Potem odsuwa się i spogląda na An He z
majtkami osuniętymi w kostkach. Lustruje ciało dziewczyny uważnie, z
wnikliwością eksperta. Satynowa sukienka plącze się wokół jej chuderlawych nóg.
— Figura do kitu — stwierdza kąśliwie.
— Cycki jak rodzinki, zero tali i biodra jak u chłopca. Cienko z tobą,
dziewczyno. — Nagle spogląda na jej twarz i wybucha śmiechem. — Skąd te łzy?
One ci nie pomogą! Im szybciej się ich wyzbędziesz tym lepiej. Siła, to jest
to, czego ci potrzeba — tłumaczy, a następnie ściera te łzy kciukami obu rąk.
Dopiero wtedy jej wzrok przebiega po obliczu An He i to powoduje, że Yuna
rozgarnia jej włosy na bok, wykrzykując ze zdumieniem. — Ależ ty masz twarz,
dziewczyno! Teraz to widzę! Jak malowanie. Duże oczy, mały nos, pełne usta. Dla
tej twarzy mężczyźni dadzą się zabić!
— Pozwólcie mi odejść — prosi cicho An
Ha, chociaż wie, że tej prośby nikt nie zechce spełnić.
— Jak tu weszłaś to nie wyglądałaś mi
na miękką — stwierdza Yuna z rozczarowaniem. — Ten fagas, co cię trzymał nieźle
się męczył, żebyś mu się nie wyrwała, to sobie pomyślałam, że ta mała da
wszystkim popalić, a ty mi tu płaczesz i jęczysz.
— Wolę zginąć niż oddać się
komukolwiek.
Yuna znów wybucha śmiechem, odrzucając
lekko głowę w tył.
— Więc nikt z tych baranów ci nie
wytłumaczył, co masz robić, tak? — Gdy An Ha nie odpowiada, kobieta dodaje. —
Będziesz hostessą.
— Kto to taki?
— Kojarzysz gejsze? Niesłusznie
oskarżone przez zachodnich o prostytucje? — Oczy Yuny błyszczą figlarnie. —
Jesteś taką współczesną gejszą, dziewczyno. Masz ładnie pachnieć, ładnie
wyglądać i być słodka jak aniołek, a wszystko po to, by mężczyzna, który
sowicie zapłaci spędzi z tobą miło czas. Ale spokojnie, czasem może będzie
chciał to i owo pomacać, jednak nie wolno mu posunąć się zbyt daleko,
rozumiesz? — Uśmiecha się półgębkiem. — Jeżeli spróbuje to zrobić, masz go
zdzielić twarz i nikt nie będzie miał o to pretensji. Co namolniejszych nawet
wyrzuca się z klubu.
— I nie będę musiała z nimi spać?
Yune bawi ta szczeniacka nadzieja w
głosie małej. Jest jak zmoczone szczenię.

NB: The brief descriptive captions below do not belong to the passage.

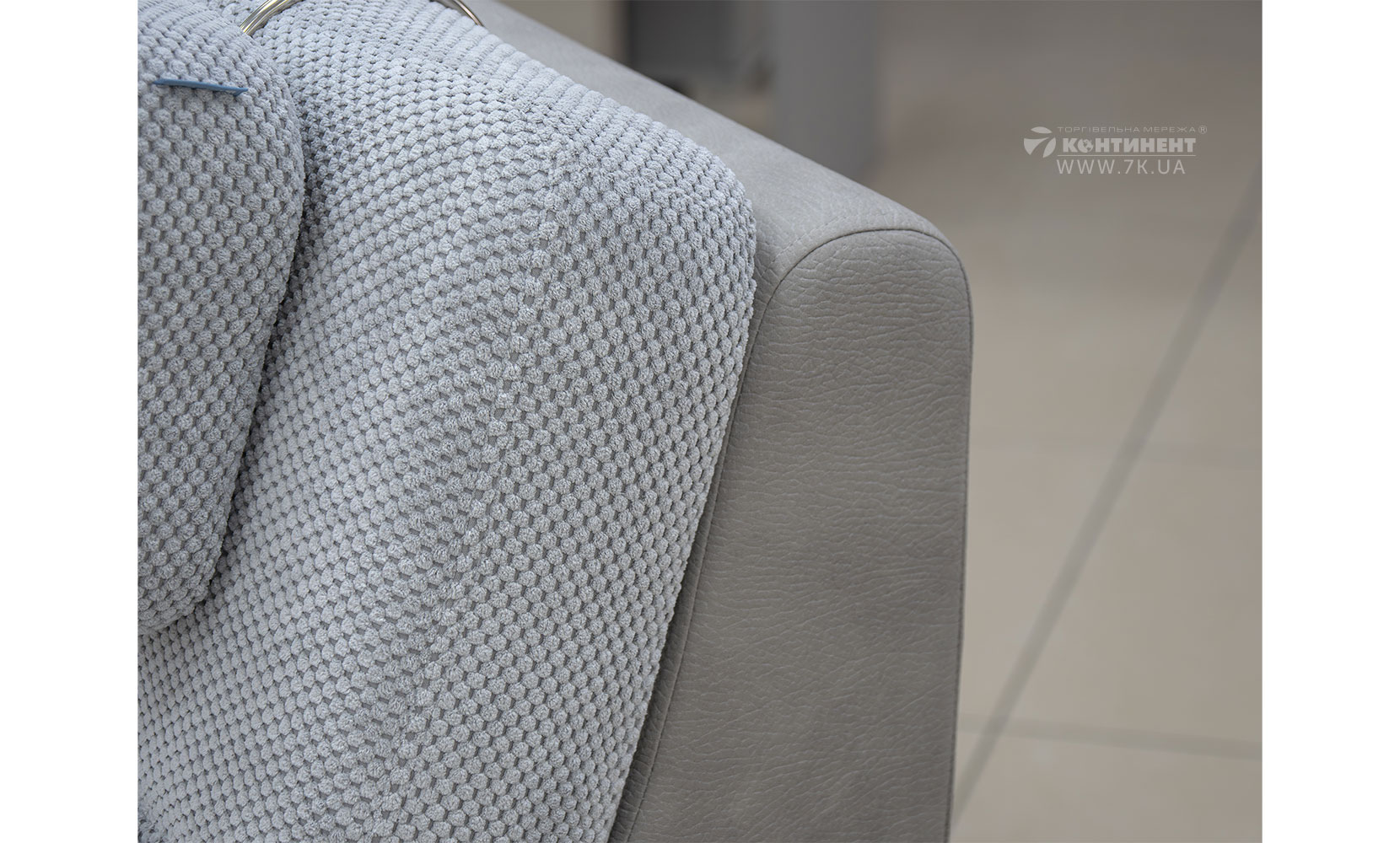 Кутовий диван Бозен ECO 3 в тканині 0 категорії - фото 7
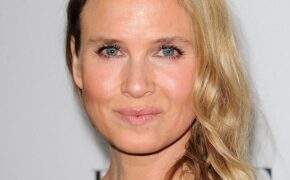 “Tiểu thư Jones” Renee Zellweger lần đầu nói về tin đồn thẩm mỹ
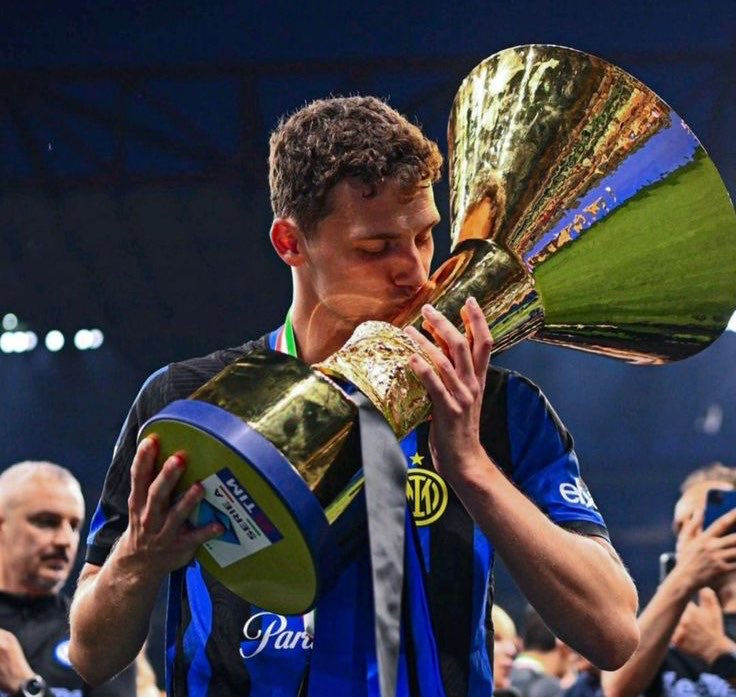 الاتحاد يتحرك لضم نجم إنتر ميلان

— Nie, dziewczyno. King jest głupcem,
ale nie jest perfidny. Dobrze dba o swoje lalki.
— Ty jesteś jedną z nich?
— Już przebrzmiałą jak widać. — Yuna
mówi to całkowicie swobodnie. — Ale mam głowę do interesu, to trochę pomagam.
Zwłaszcza z papierami, wobec których King jest bezbronnych jak dziecko. No już,
ubierz się w to. — Wręcza dziewczynie sweter i nowe spodnie. — Zaskoczona, że
to nie kusa sukienka? Ubierzesz się jutro na swój debiut w coś ładnego.
Mężczyźni padną dla ciebie do stóp. Póki co, odpocznij.
— A co z bielizną?
— Dopominasz się o swoje. No, teraz to
zaczynam cię lubić. Poczekaj, zaraz coś przyniosę i nie obawiaj się. Mamy tu
zapasy nowej bielizny. Nie wcisnę ci jakiejś używanej — mówi ze śmiechem, a
następnie otwiera drzwi. — Zostań tu i poczekaj na mnie. — Potem wychodzi.